“I Would Rather Be a Servant in the House of the Lord”
Remembering the Death of Alben W. Barkley
Written by Justin D. Lamb
After 50 years in public service, Senator Alben Barkley of Kentucky takes to the podium at Washington and Lee University in what would become his final speech.
(Collection of the author)
After nearly a half-century in national politics which had witnessed a remarkable rise from sharecropper’s son to Vice President of the United States, Alben W. Barkley, now in his late-70s, had found himself back in the political scene as the junior Senator from the state of Kentucky in the spring of 1956. Barkley had spent an extraordinary career in politics which began at the McCracken County Courthouse as County Attorney before entering the halls of the United States Congress as Kentucky’s First District Representative and United States Senator where he served both as Majority and Minority Leader.
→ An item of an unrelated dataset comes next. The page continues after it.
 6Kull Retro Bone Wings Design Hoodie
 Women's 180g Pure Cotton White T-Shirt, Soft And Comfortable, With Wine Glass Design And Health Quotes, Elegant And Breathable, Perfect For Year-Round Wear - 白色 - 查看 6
Barkley reached his highest political mountain with his election as Vice President of the United States on Harry Truman’s ticket in 1948. Following his four years as the VEEP, Barkley briefly retired from public life until he answered the call in 1954 to be the Democratic Party’s nominee for his old senate seat. Barkley’s popularity had not waned at all, as he easily unseated incumbent Republican John Sherman Cooper in a landslide.
When Barkley was sworn in January 1955, he was escorted into the Senate chamber by senior Kentucky Senator Earle Clements, and after the oath was administered, Barkley’s colleagues and those in the audience gallery spontaneously rose to recognize his achievement with their applause. In a gracious offer of respect, West Virginia Democratic Senator Harley Kilgore offered to exchange seats with Barkley, which would have allowed Barkley to sit in the front row of the chamber with the Democratic leadership. Barkley, a very humble man, turned down his offer deciding instead to sit in the back row with the other juniors.
On April 30, 1956, Senator Barkley, was invited to the campus of Washington and Lee University in Lexington, Virginia to give the keynote address at their mock convention. The afternoon was pleasantly warm and Barkley was in his usual jovial mood. “This is one of the happiest days of my life,” Barkley said to one of his companions travelling with him. In mere minutes, Barkley, a stalwart of national politics, would be dead in what was a most fitting exit for one of the country’s noted orators.
After a short parade through the streets of Lexington, Senator Barkley made his way to the convention hall where he warmed up the gathering of nearly 1,700 in preparation of the 1956 Democratic National Convention which would be held later that year in Chicago. “I have been a delegate at large for the state of Kentucky from 1920 until this hour…and I had about concluded that maybe I had gone to enough conventions and that I would not go to the one in Chicago this year. But since arriving in Lexington and since arriving in this hall, the old fire-horse hears the bells!” Barkley had the crowd in the palm of his hands as he was noticeably on top of his game.
Barkley then proceeded to give the gathering one of his famous fire-breathing-Republican bashing speeches that had carried him to the heights of Democratic politics through the years:
“Somebody asked me the other day: what is the difference between the Democratic and Republican Parties and my answer is: the difference between progress and stagnation!” Barkley proclaimed as he tore into the Republicans. “In 1912, President Woodrow Wilson stated that the Republican Party had not had a new idea in 40 years. That was 44 years ago, making 84 years in all!” The crowd erupted in laughter. Even the Republican students couldn’t contain their enjoyment of Barkley’s one-liners.
The parade that carried Senator Alben Barkley to his final speech.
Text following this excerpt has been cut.